PROBLEM: Return the line that has "English Elm New" and all lines below it through the last, exactly as they stand; omit pictures.

DATA EXTRACT:
◆ ◆ ◆ ◆ ◆

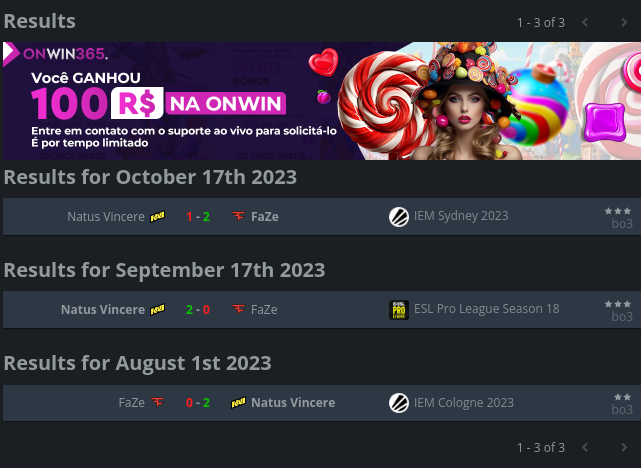 HLTV results page for matches between FaZe and NAVI. There's three matches in the list. FaZe won NAVI in IEM Sydney 2023, NAVI won FaZe in ESL Pro League 18 and NAVI also won in IEM Cologne 2023.
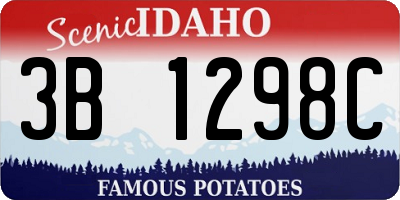 ID license plate 3B1298C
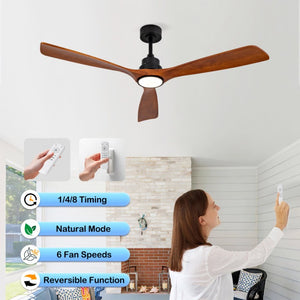 English Elm New Sycamore Wood Blade Ceiling Fan with Tunable LED Light and Reversible DC Motor Black + Dark Walnut - B W2991P521493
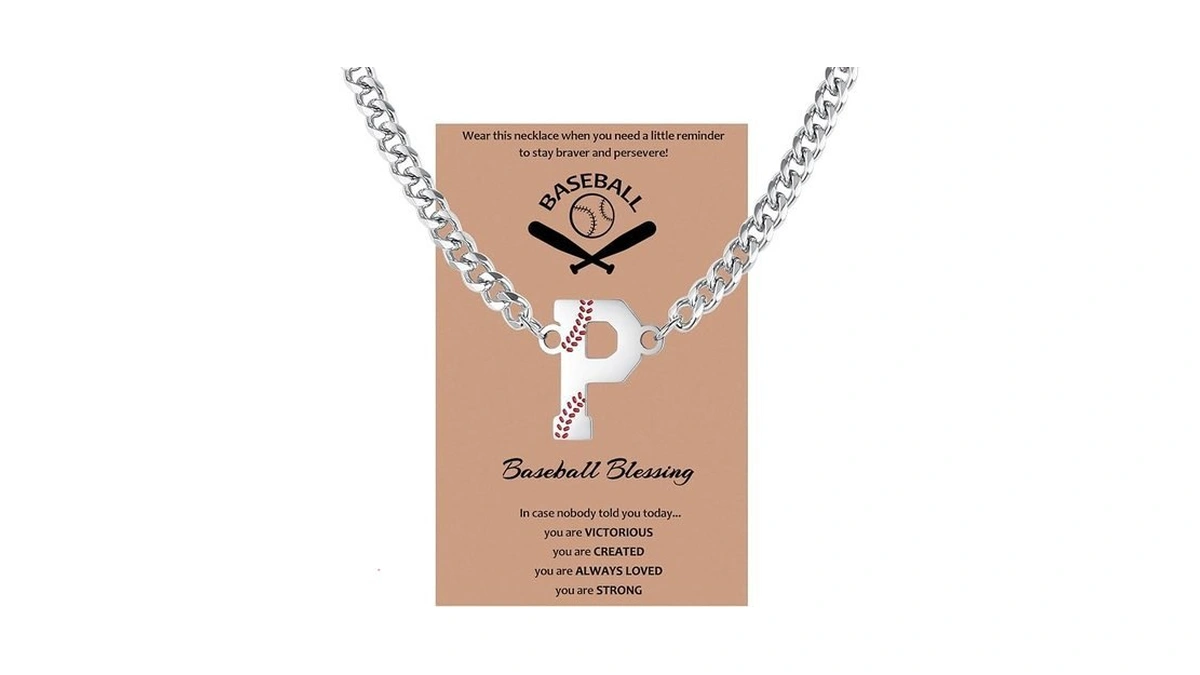 Qinjiejie Initial Baseball Necklace For Men P Letter Necklaces Sports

◆ ◆ ◆ ◆ ◆

WORKED SOLUTION:
 English Elm New Sycamore Wood Blade Ceiling Fan with Tunable LED Light and Reversible DC Motor Black + Dark Walnut - B W2991P521493
 Qinjiejie Initial Baseball Necklace For Men P Letter Necklaces Sports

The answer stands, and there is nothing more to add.